Karen Armstong would agree with the sentiment expressed by "The Last Whole Earth Catalog:" not that we are as gods, but we are, as human beings, religious creatures, and we might as well get good at it. In what is still a post-Enlightenment world, that is an effort we have singularly failed at. After all, an excellent argument can be made that the Enlightenment project of the 19th century, to declare "God" finally and irrevocably dead, is what prompted the American fundamentalism we now suffer from. As Ms. Armstrong notes:
“Before the Scopes ‘monkey’ trial—when the secular press ridiculed the fundamentalists and said they had no place in the modern agenda—fundamentalist Christians had been literal in their interpretation of scripture but creation science was the preserve of a few eccentrics. After the Scopes trial, they became militantly literal and creation science became the flagship of their movement.
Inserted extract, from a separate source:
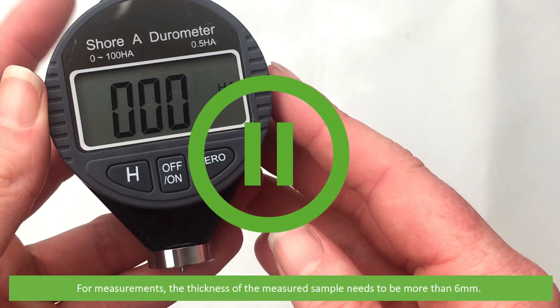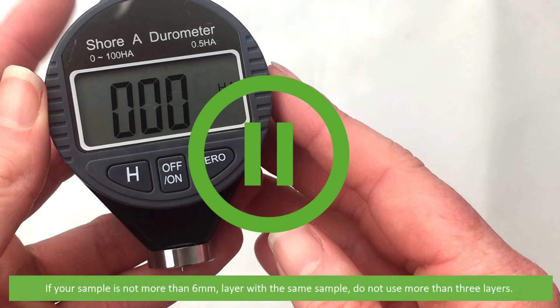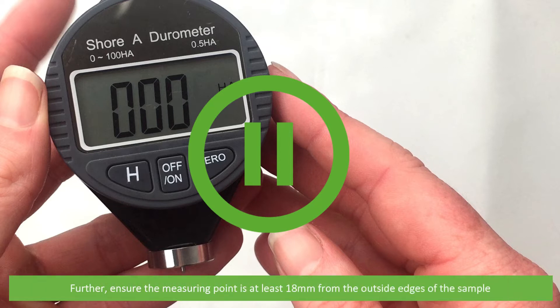For measurements, the thickness of the measured sample needs to be more than six millimeters. If your sample is not more than six millimeters, layer it with the same sample, but do not use more than three layers. Further, ensure the measuring point is at least 18 millimeters from the outside edges of the sample.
Before the Scopes trial, fundamentalists had often been on the left of the political spectrum and had been willing to work alongside socialists and liberal Christians in the new slums of the industrializing North American cities. After the Scopes trial, they swung to the far right, where they remained. They felt humiliated by the media attack. It was very nasty. There was a sense of loss of prestige, and, above all, a sense of fear.”
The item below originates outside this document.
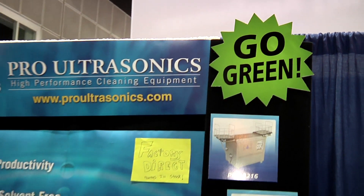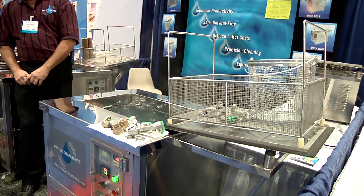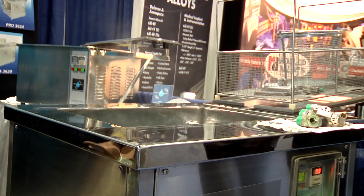Hi, I'm Dan with ProUltrasonics. We're here to show you about ultrasonic cleaning equipment. What's nice about ultrasound is we substitute using nasty solvents, chemicals, and hazardous materials by using the force of sound waves.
Philosophy drives much of this. The Enlightenment was a philosophical movement, as was its antithesis, Romanticism. Today Romanticism is reduced to hearts and flowers and slef-centeredness, and the insights of the Enlightenment are used to justify the worst excesses of crony capitalism and brute power politics. That is not the fault of either philosophy; it is the fault of thoughtlessness. But philosophy continues to lead the discussions, if only indirectly. Much of the assault on religion today, and much of what lead to the creation and rise of fundamentalism, started in the assaults on metaphysics, which culminated in the misunderstanding of the work (a misunderstanding that persists to this day, even among philosophers) of the "Vienna Circle."
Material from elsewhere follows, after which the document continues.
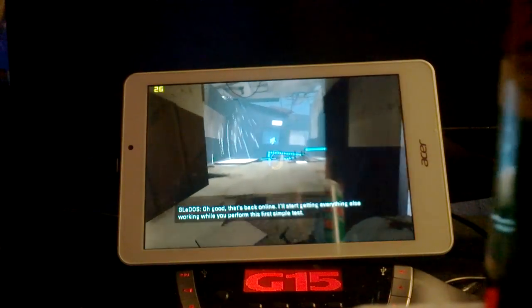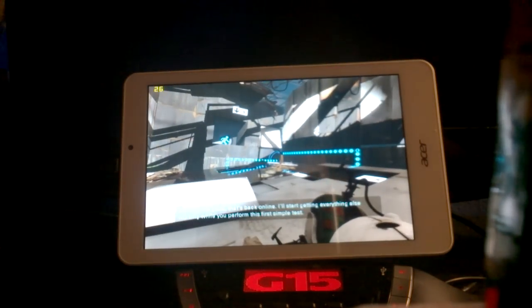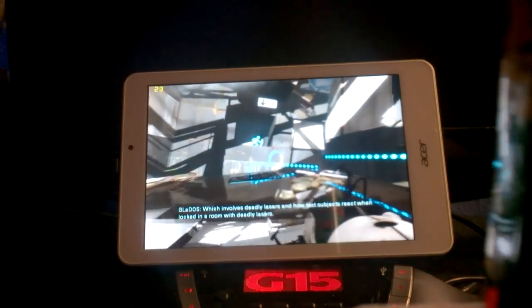I'll start getting everything else working: how you perform this first simple test, writing to both deadly lasers, and how test subjects react to life in a room with deadly lasers.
The "assault" on metaphysics led to Rudolf Bultmann's famous attempt to "demythologize" Christianity. Although, to be fair to Bultmann, that effort was merely his attempt to state to non-theologians the philosophical foundation of modern theology. It led, however, to serious distortions, and more accusations from conservative and fundamentalist groups, rather than conversation. And what is the current specialist thinking now? An essay by Aldo Gargani neatly states the philosophical underpinnings of most "liberal" theologies, although not in the simplest of language:

Our vision will remain inevitably superficial as long as we do not overcome the metaphysics of presence of theological objects and as long as we do not return to that supreme moment which coincides with out actual experience of the significance of religion and which recognizes in religious discourse a hermeneutic perspective from which to look at life....This might look like an attempt to overcome or to abandon the tradition, but what is at issue her ei s rather a recovery of the signs of the religious tradition that have not been thought through to the end. Abandoning the metaphsical commitments regarding the ontological status of the referents of theological discourse may therefore signify a recovery of the signs and the annunciations immanent within the history of a religious tradition. Once the metaphysical charge is defused, the objects of the religious tradition become figures for an interpretative perspective on life. It is in this capacity that they may be seen to intepret the movements of existence in which we are immersed, and not in so far as they attract the processes of life and history, sucking them back into a further ontological domain of transcendent beings, which is presented today as the most suitable vantage point from which to re-think religious experience philosophically. Aldo Gagani, "Religious Experience," tr. David Webb, Religion, ed. Jacques Derrida and Gianni Vattimo (Stanford: Stanford University Press 1998), p. 114.)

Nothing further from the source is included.